Species: Prime & Legacy in The Realm of Beardsgaard | World Anvil

Species: Prime & Legacy

In the beginning, the creator dreamed the first beings into existence, and kept doing this for 100 years. But the creations of few will always be limited by the bounds of imagination, and so while the dreamed beings were as varied as the plants under the sun, there were only so many distinct varieties until the creations started creating themselves.
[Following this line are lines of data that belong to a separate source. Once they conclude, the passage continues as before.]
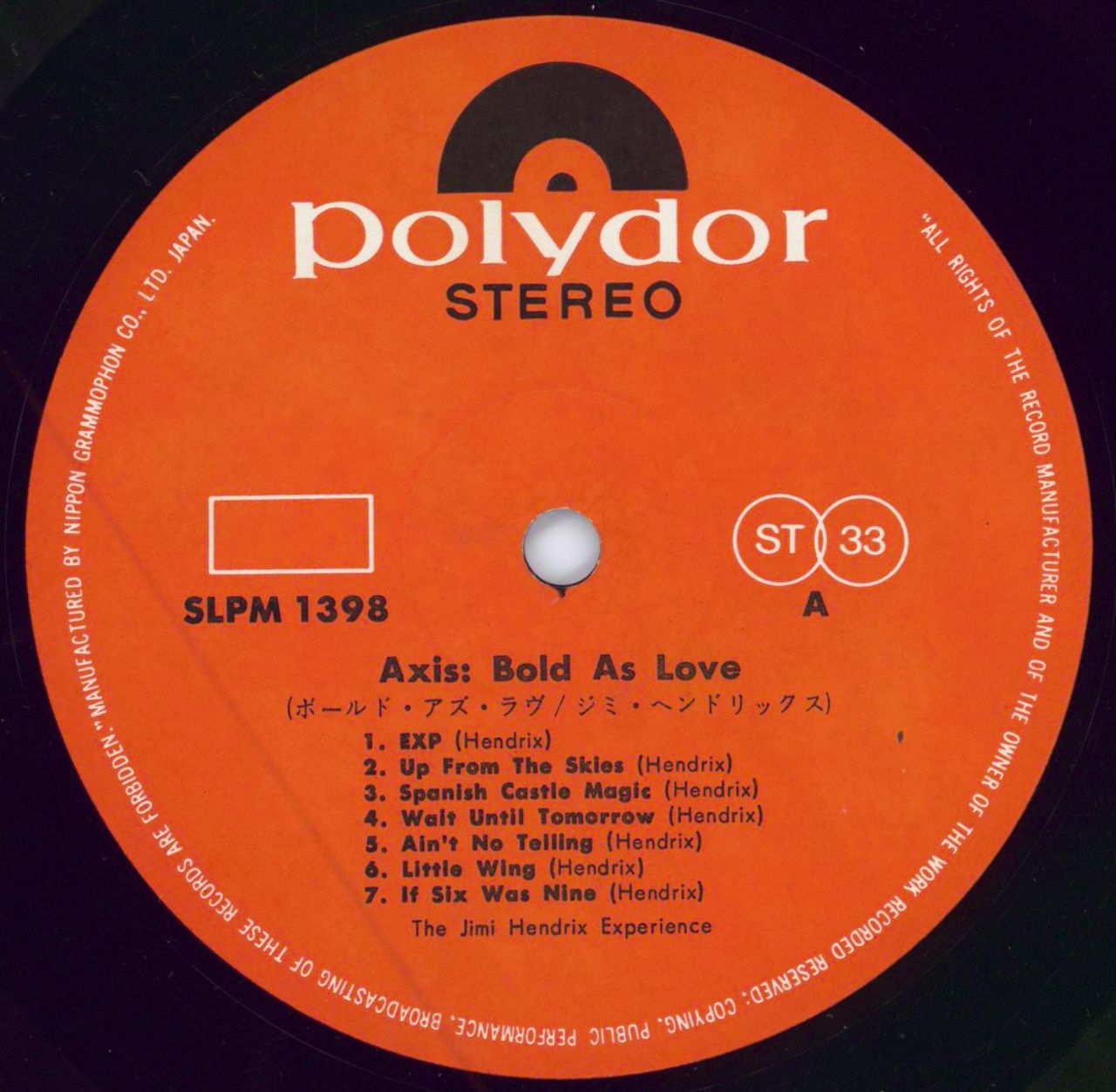 Jimi Hendrix Axis: Bold As Love - 2nd - VG Japanese vinyl LP album (LP record) HENLPAX784254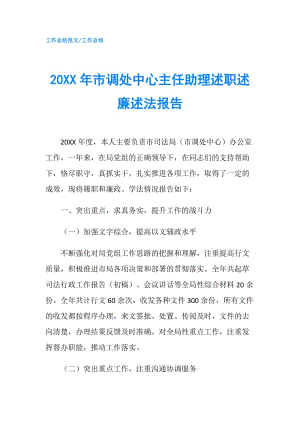 20XX年市調(diào)處中心主任助理述職述廉述法報(bào)告.doc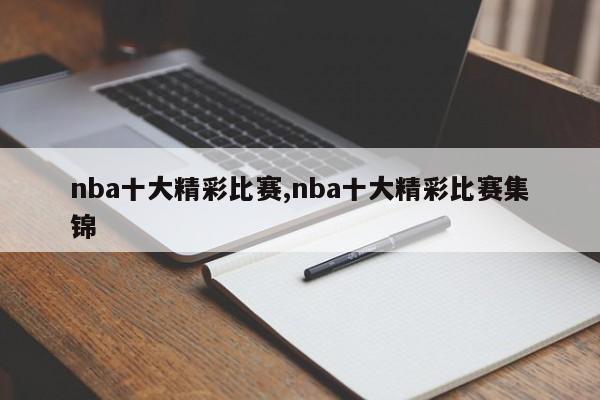 nba十大精彩比赛,nba十大精彩比赛集锦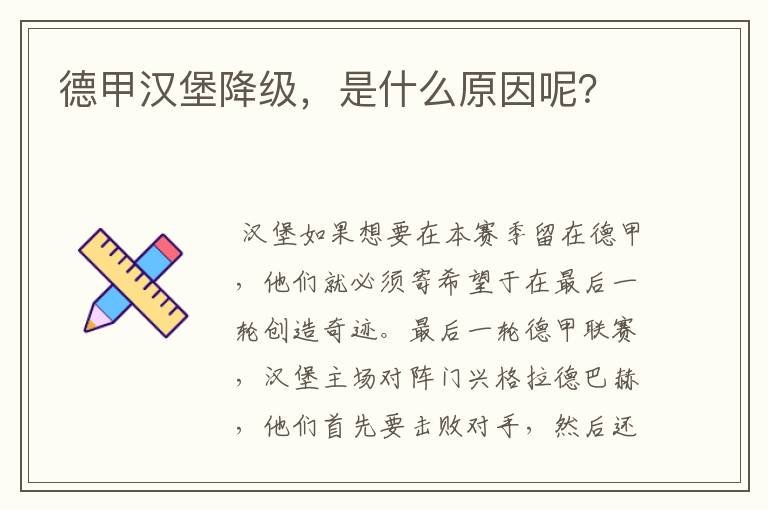 德甲汉堡降级，是什么原因呢？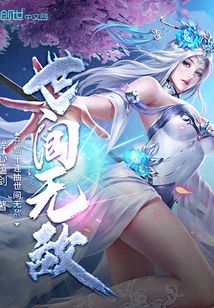 開局十連抽世間無敵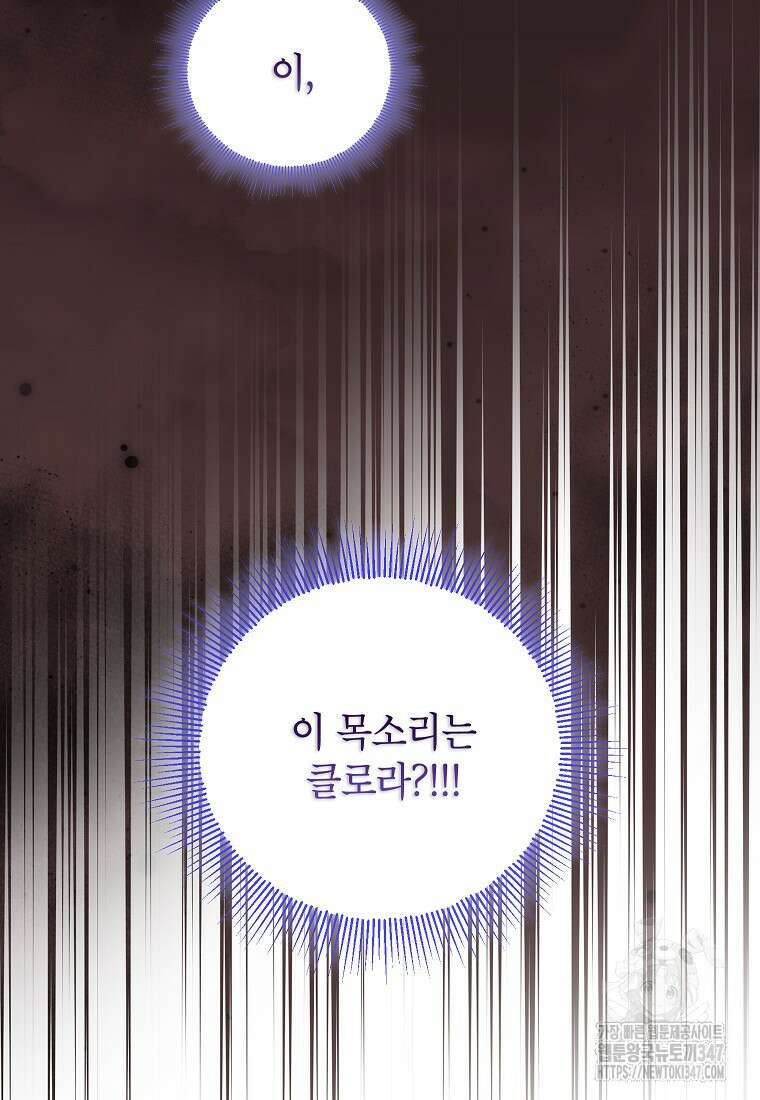 입양된 며느리는 파양을 준비합니다 80화 9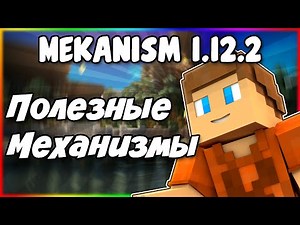 Гайд по Mekanism 1.12.2 #8 Телепорт и прочее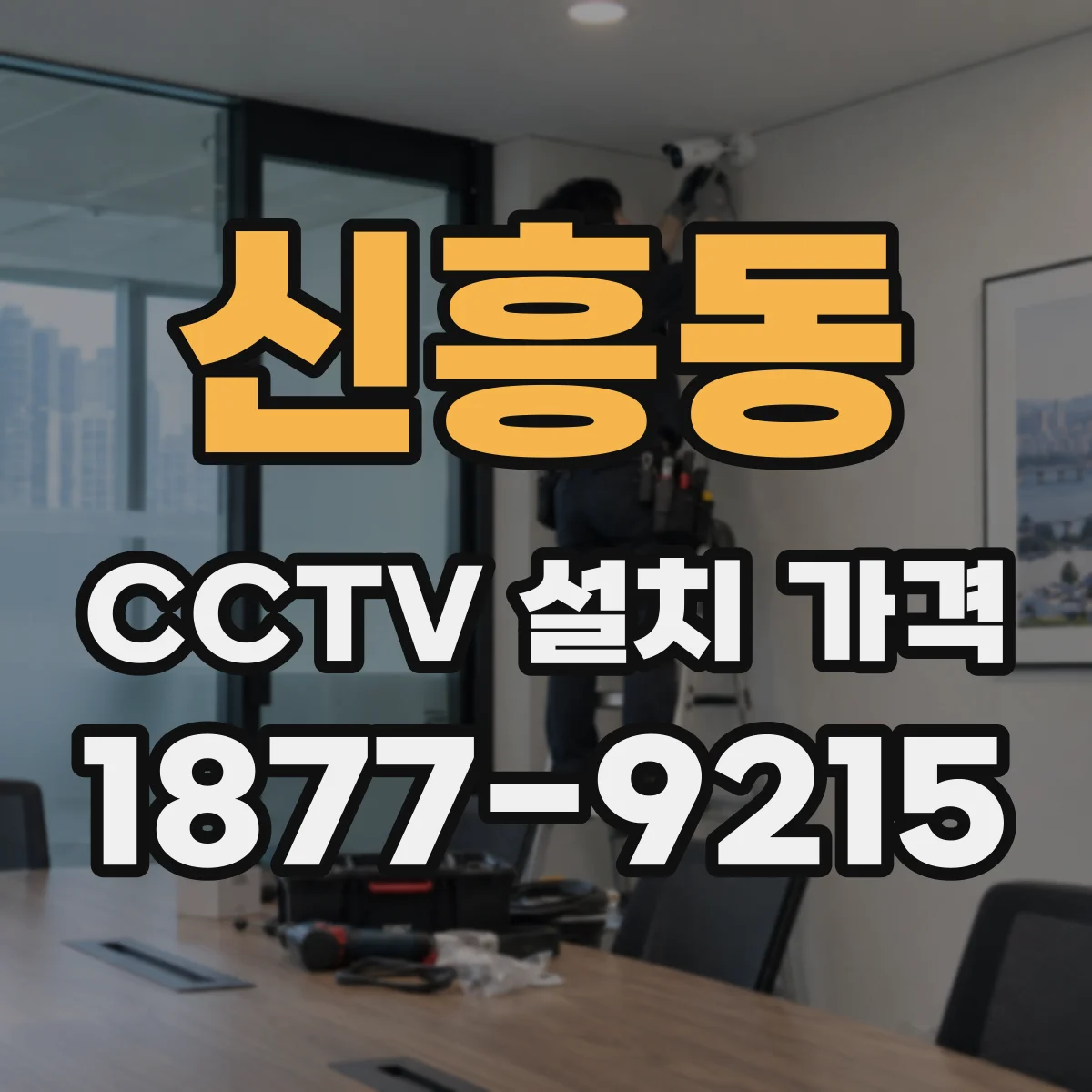신흥동 CCTV 설치 가격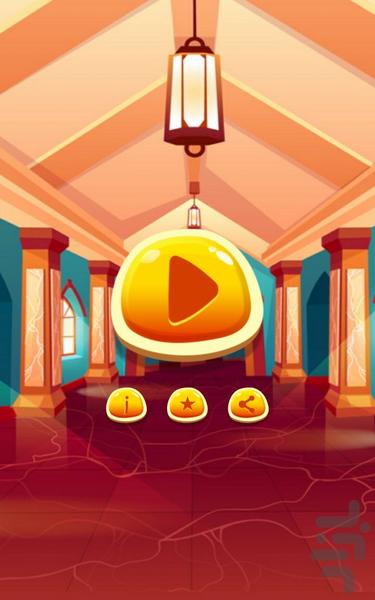 شاه جدول (جدول کلاسیک فارسی) - Gameplay image of android game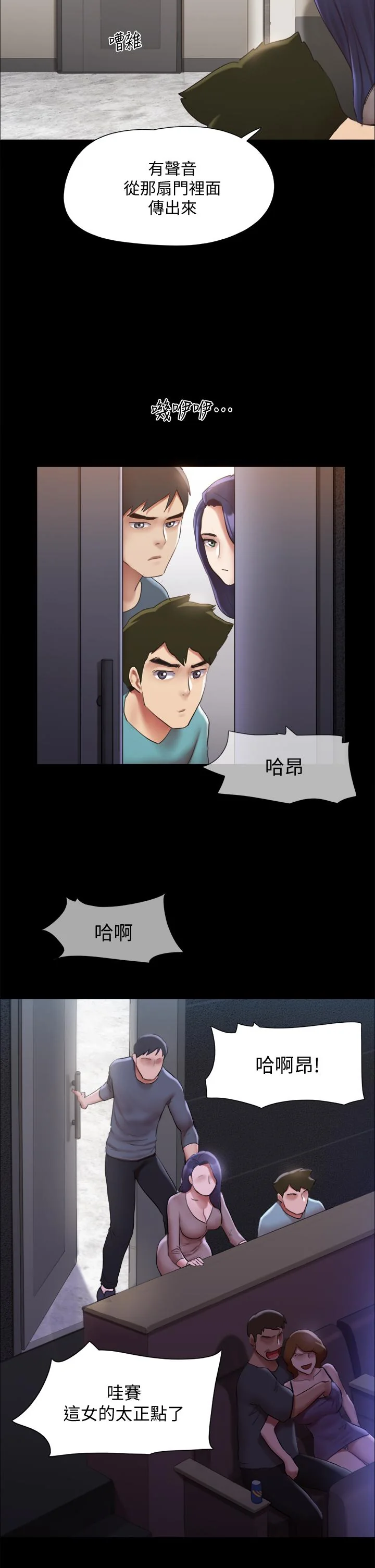 图片4区图片列表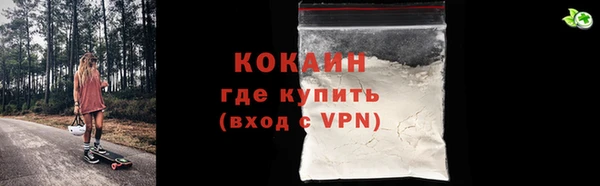 альфа пвп Ачинск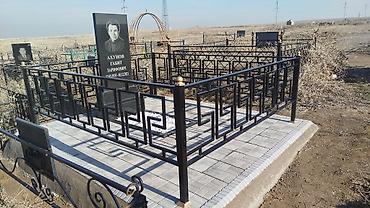 Ритуальные услуги: Ритуальные услуги памятники оградки Память о близких и ушедших людях — 27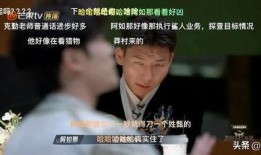 阿冒哥最新爆料视频,揭秘娱乐圈惊人内幕！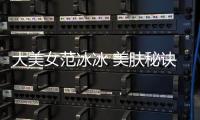 大美女范冰冰 美膚秘訣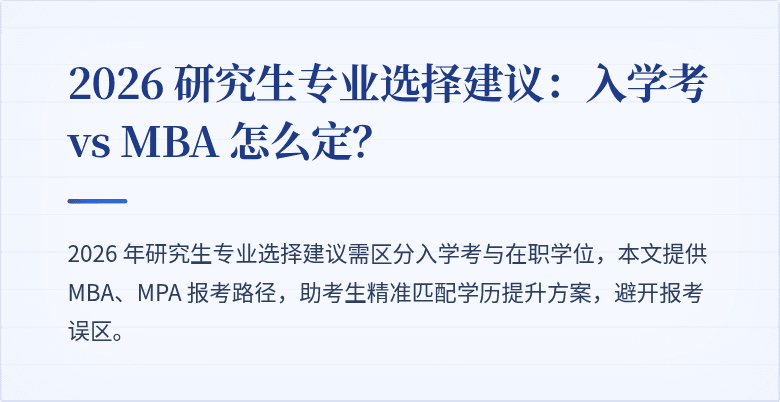 2026 研究生专业选择建议：入学考 vs MBA 怎么定？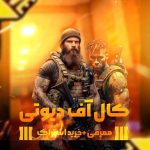 نمونه کار زینب معافی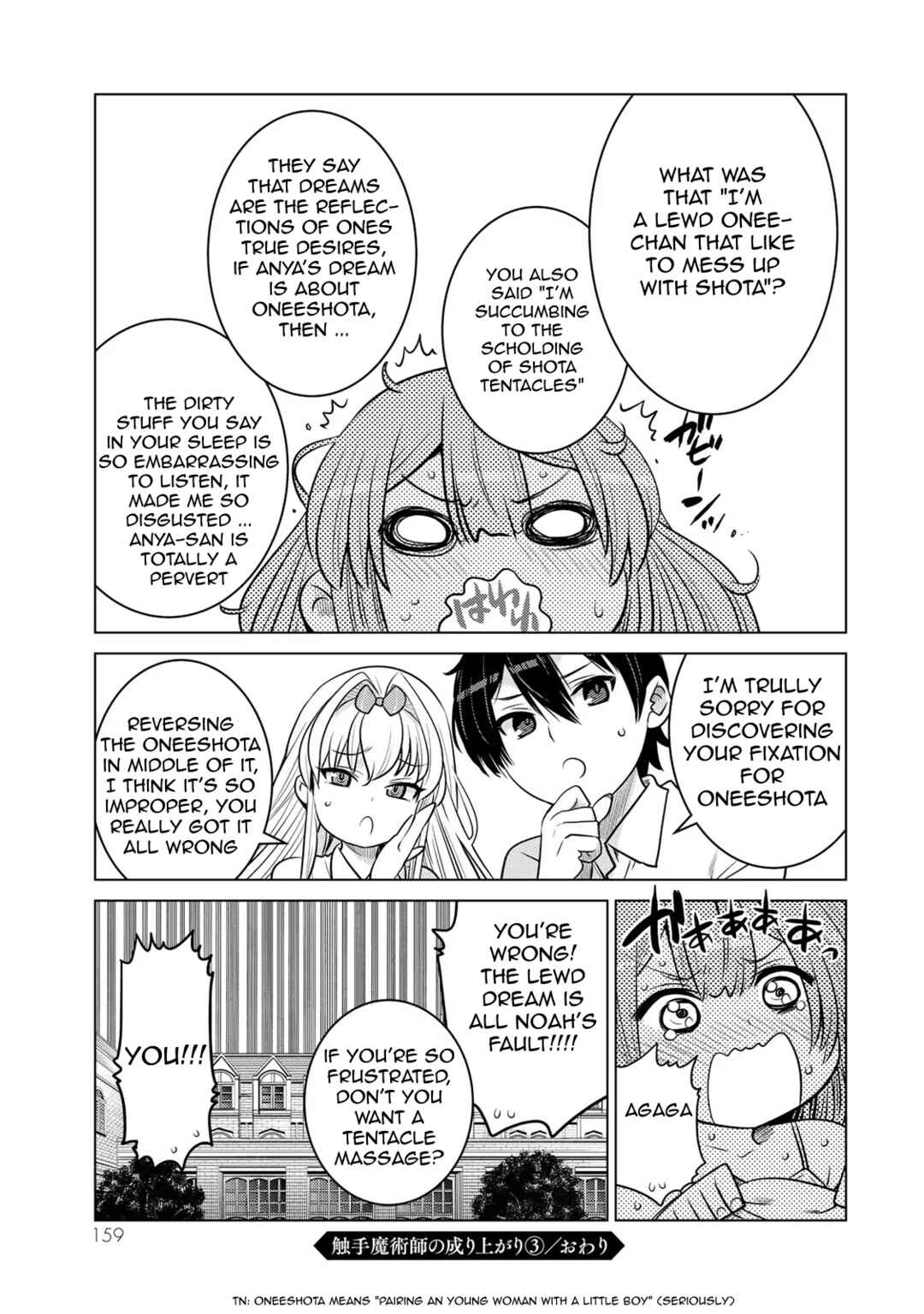 Shokushu Majutsushi no Nariagari Chapter 11.6 - Page 8
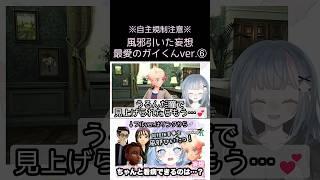 ♡夜妄想注意♡【夢女の妄想】風邪引いた×最愛の彼⑥【ポケモンZA】ガイくん同担拒否 #pokemon #ポケモンレジェンズZA #PokemonLegendsZA  #VTuber #個人VTuber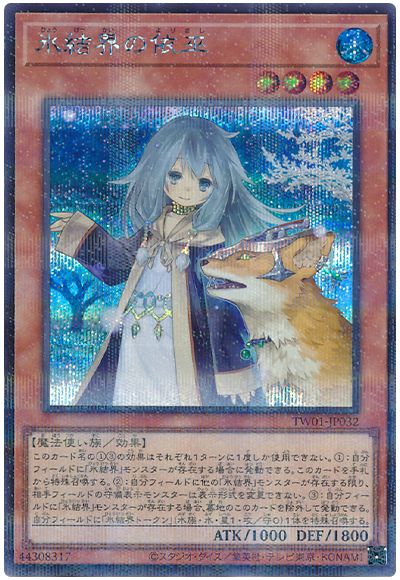 遊戯王 氷結界の依巫(シークレットパラレル仕様)[TW01][TW01-JP032][シクパラ]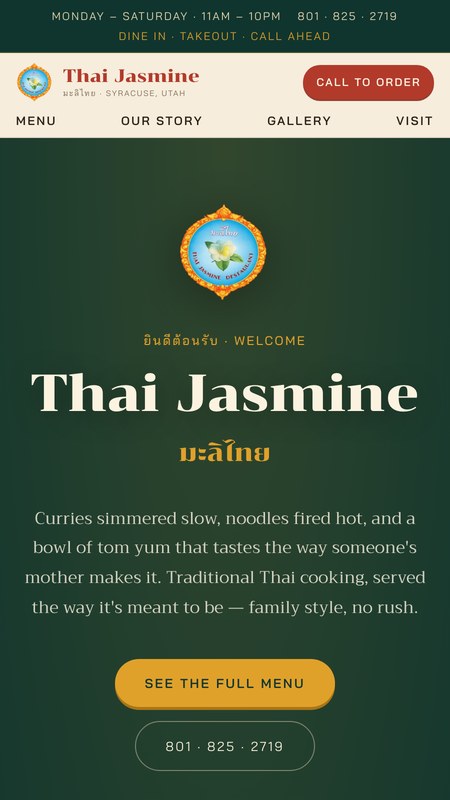 Thai Jasmine concept website on a phone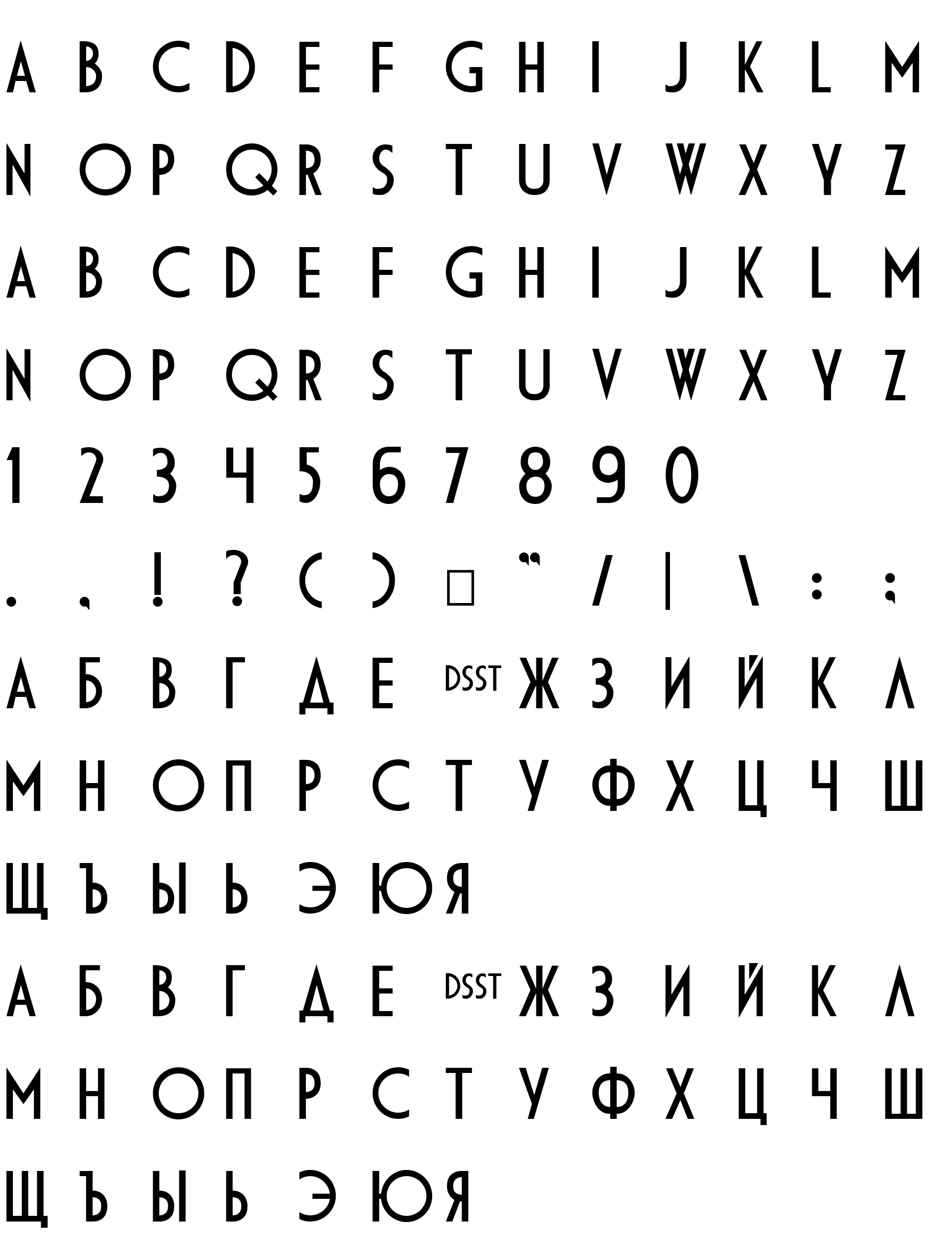 Шрифт DS Diploma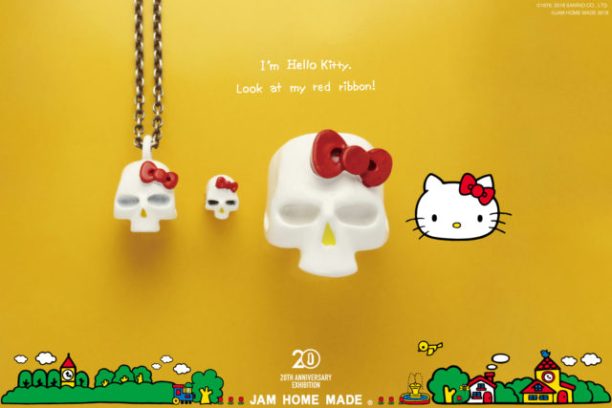 お気に入りの画像貼ってくトピ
  Of the beings that woke upon the banks of the river in Ened Valley, they each drew from one of nine pools of imagination and powers. Those nine are known as the Prime Beings. As they mingled throughout the centuries, their children benefited from the traits and powers, and in some cases, lifespans of both of their parents.   The genetic combination of two Prime species is known as a Legacy species, or Legacy being, colloquially. Legacy beings can expect the approximate lifespan of the longer-lived parent but can reach adulthood around the age of the parent with the shorter lifespan.   Despite the name, Prime bloodlines are not held above Legacies in social hierarchy, they are considered the trunk of the tree to the branches that are the Legacies. There is a cultural history between, for instance Giants, High Giants, Cloud Giants, Frost Giants, Fire Giants, Darkling Giants, Wood Giants, Dwarf Giants and Half Giants.   Although Giants are the Prime beings of those listed, High Giants tend to rise to power in Jotunheim because Giants with Vanir blood have the lifespan to know their history firsthand, share many Gaw-adjacent northern sensibilities, and aim not to repeat the mistakes of their past.   You don't find many High Giants in Vanaheim, because the mountains are a good deal smaller, and it's not cold enough for their liking, but Vanir greet them like the cousins when they are in their lands. The same can't be said of a Fire Giant in Jotunheim, because of climate, on a much more intense scale, but in this case a lack of welcome is due to concern or terror, not malice.   The cultural ties to common bloodlines vary dramatically, is what we're saying.